Büttner’s four dining tables—and their blue, green, red, and yellow linens—are not simply performance relics or dining assemblages à la Hong Kong and Taipei-based artist Lee Kit or Swiss Nouveau Réalist Daniel Spoerri, but rather something between gambling baize (typically found covering poker tables) and altar cloths. These intensely precise, high-stakes surfaces allow for unusual symbolic investment. Accordingly, what at first could be mistaken for dun-colored gaming counters are actually zebra droppings and straw that were collected at the Frankfurt Zoo and cast in bronze. These metal objects (Tischschmuck [Table decorations], 2013) not only connect alchemy with fecal value—placed as they are atop a single table covered in the same colored paper that German banks use to wrap Euro coins—but they also have a perverse resemblance to earthy tubers and clusters of Paleolithic potato chips. Büttner assembles such materials in an elusive manner, giving them a just-on-the-tip-of-the-tongue quality, and she then juxtaposes the objects with images, which function like pictorial hyperlinks that are either readily apparent, or just one Google search away. These include reproductions of Realist and early modernist works, including Gustave Courbet’s The Stone Breakers (1850), Vincent van Gogh’s dismal The Potato Eaters (1885), and Ernst Barlach’s Veiled Beggar Woman (1919), as well as more recent pieces, like Sigmar Polke’s Cologne Beggars (1972), and what appears to be a photographic portrait of Austrian-British philosopher Ludwig Wittgenstein.
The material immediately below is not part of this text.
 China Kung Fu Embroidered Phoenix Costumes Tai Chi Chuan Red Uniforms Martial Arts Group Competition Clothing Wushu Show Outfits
Although Büttner’s amalgamations undoubtedly have intuitive affinities with German art historian Aby Warburg’s Mnemosyne Atlas (1924–29), she does not necessarily generate new theoretical principles in terms of art’s consideration of poverty. Listening to the recordings of Büttner’s dinner becomes more like consuming thoughtful fiber while ruminating on its conceptually peristaltic menu. Documenta 13’s artistic director Carolyn Christov-Bakargiev deliberately offered no new insights in her talk on the figures she identifies as Arte Povera’s “dropouts,” yet their very rejection of novel production was precisely her point. In addition, speeches by scholar of German literature Liliane Weissberg, organizer of the artist-rights group Working Artists and the Greater Economy (W.A.G.E.) Lise Soskolne, and Chicago-based artist and writer Claire Pentecost similarly focused on duty, humility, and justice. The overall effect of her guests’ fibrous discussion addresses what might be described as our symbolic health and serves as a kind of relief from the intellectual constipation that the intersection of morality and contemporary art can induce.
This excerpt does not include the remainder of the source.